Uncertain dx

Hi!

I started my first ivig treatment in october. I spent five days at the hospital that time and then I cam back three weeks ago and got another three doses. On wednesday this week I came in for treatment round three. I got double dosage days one because of the lack of response. Yesterday I came in for dose two. They then explained to me that they wanted to take a break in the ivig and let my body recover a bit to see if that helps in getting effect from the ivig.

To further complicate things I have two consecutive positive ANA-test that indicate that there might be some kind om reumatologic problem.

The thing that worries me right now is the lack of response from the ivig and the fact that I had a positive babinski on my left side.

I have gained vibration sense on my right foot but on my left side the lack of vibration sense has spread up to the knee.

My achilles reflexes are gone but my knee reflexes are very obvius.

A while ago my legs started (off and on) getting stiff and aching, and that has also started to happen in my arms.

Does anyone of you get any thoughts about this? I know that babinski implicates upper motor neuron problems. How likely is it that I have CIDP?

I hope you are able to read this and that my english isn´t all too bad. I am from Sweden.

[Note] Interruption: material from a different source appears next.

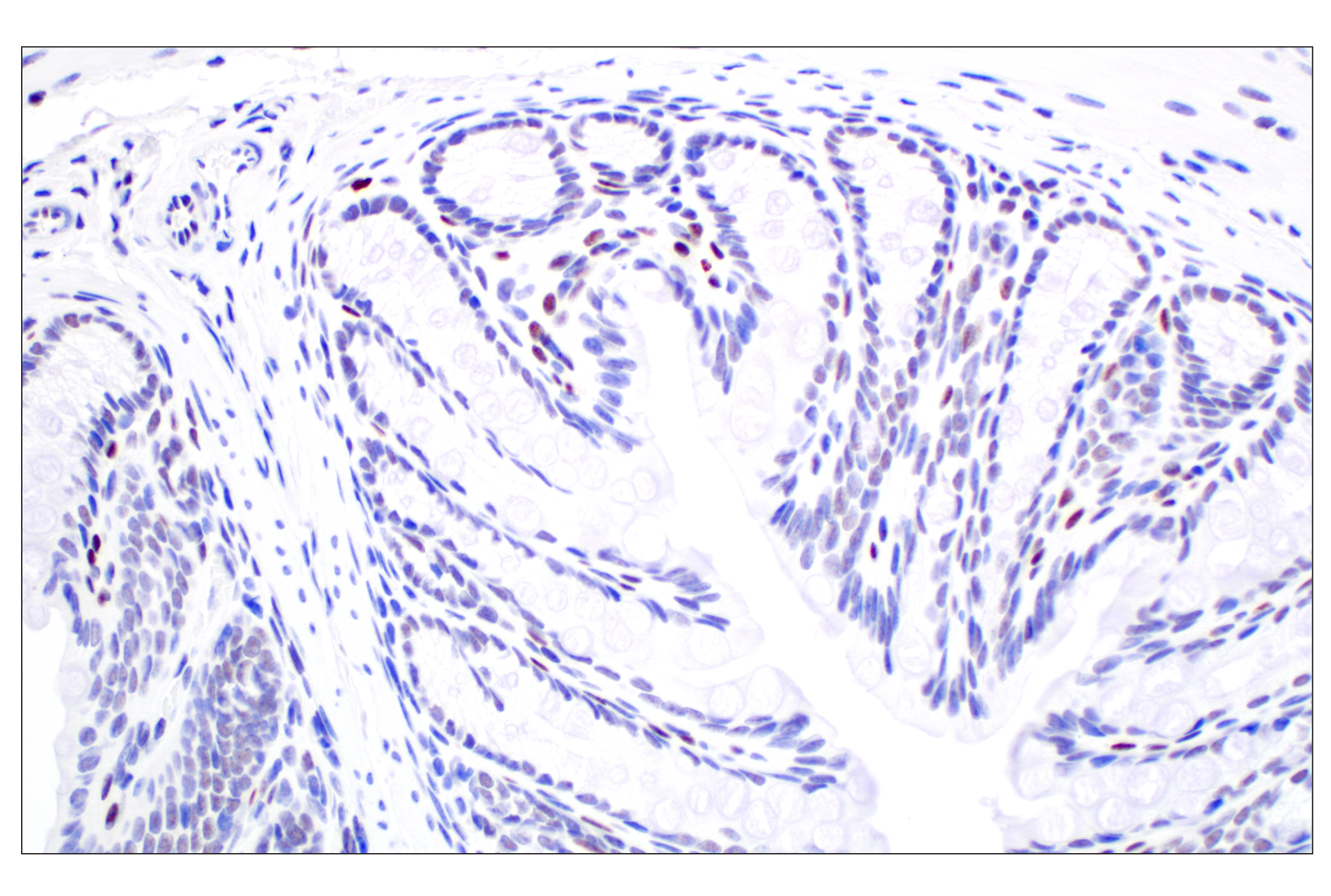 Immunohistochemistry Image 4: TCF4/ITF2 (E3X2Y) Rabbit mAb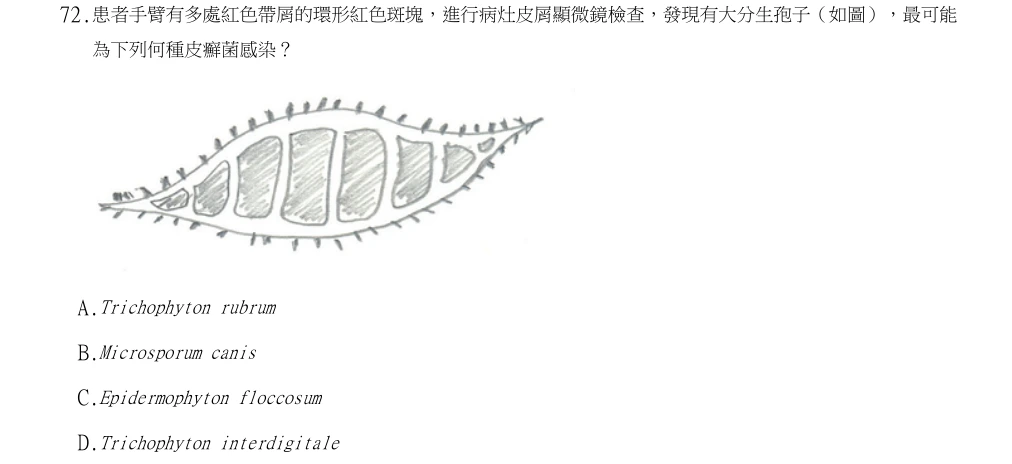 113年第1次醫事檢驗師國考 微生物學與臨床微生物學(包括細菌與黴菌) 第72題原 PDF 題面截圖(含圖像、公式或選項):患者手臂有多處紅色帶屑的環形紅色斑塊,進行病灶皮屑顯微鏡檢查,發現有大分生孢子(如圖),最可能為下列何種皮癬菌感染?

I have POEMS Syndrome. It is much more rare than CIDP, But is often mistaken for it as the Neuropathy is so obvious. I was initially Dx’d with CIDP and kind of responded to IVIG, in so far as it stopped further loss. I went on CYCLOSPORINE for 9 months, then they suspected POEMS AND Stopped further treatments. BEFORE they confirmed POEMS and began treatments, I began to recover some function and sensation. Ask them to consider POEMS as few drs know or recognize it initially.
Best of luck to you!

http://rarediseases.info.nih.gov/gard/7411/poems-syndrome/resources/1

I would be asking for a second opinion on your dx and I hope they find whats wrong and start some treatment that works …good luck :slight_smile:

What was the test conducted to confirm POEMS? I have MGUS and CIDP. Im waiting on bone marrow results. Please reply. Im beginning to think I also have POEMS rather than CIDP based on symptoms.



Capt001Mike said:

I have POEMS Syndrome. It is much more rare than CIDP, But is often mistaken for it as the Neuropathy is so obvious. I was initially Dx'd with CIDP and kind of responded to IVIG, in so far as it stopped further loss. I went on CYCLOSPORINE for 9 months, then they suspected POEMS AND Stopped further treatments. BEFORE they confirmed POEMS and began treatments, I began to recover some function and sensation. Ask them to consider POEMS as few drs know or recognize it initially.
Best of luck to you!

http://rarediseases.info.nih.gov/gard/7411/poems-syndrome/resources/1

Don't assume anything. I was diagnosed by a numb-skull neurologist with ALS. I also have MGUS (no progression) and definitely CIDP. I responded to IvIgG treatment for CIDP when the dose went to 240 grams / month. You have a 50/50 chance of having CIDP or ALS or Lupus or MS or a hundred+ other neuro diseases. Does that help? Of course not, but you could also get hit by Swedish lighting or get bit by a rabid reindeer. You, like me, obviously have neurological problems. Whatever the diagnoses, fear is actually much worse than any disease. CIDP sucks, ALS sucks, reindeer rabies sucks, but you adapt to change. Sweden is on the forefront of neurological diseases and care and insurance. You could be in Mali or Maui (like me) and wonder where the first-world advances in medicine are. Consider yourself lucky, make the most of life and don't let any disease bring you down spiritually! Read up on neuro related diseases. Information based on available facts are the most reliable.

Caution - MGUS can be associated with CIDP however you can have MGUS with no association with CIDP. In fact there are many people (otherwise perfectly healthy) who have MGUS and will never know unless specifically tested.

BEWARE the neuro who jumps on an indication of MGUS and says "Ah! - That will be the cause!". There is a good chance they are being just plain lazy, not doing the full diagnostic spectrum and looking for real causes. Anyone who has done their research on peripheral neuropathy will quickly realise there is a great deal that nobody knows. Perhaps a reason for that is shoddy diagnostic investigation by neuros because it is just too easy to "blame" the "obvious". That was my original neuro. Initial tests showed a MGUS indication. Even though the haematologist almost immediately clearly said the MGUS was insignificant and most unlikely associated - guess what? That even stuck through a second neuro but my wonderful haematologist has now written a quite pointed review of his original work (since confirmed by ongoing precautionary testing).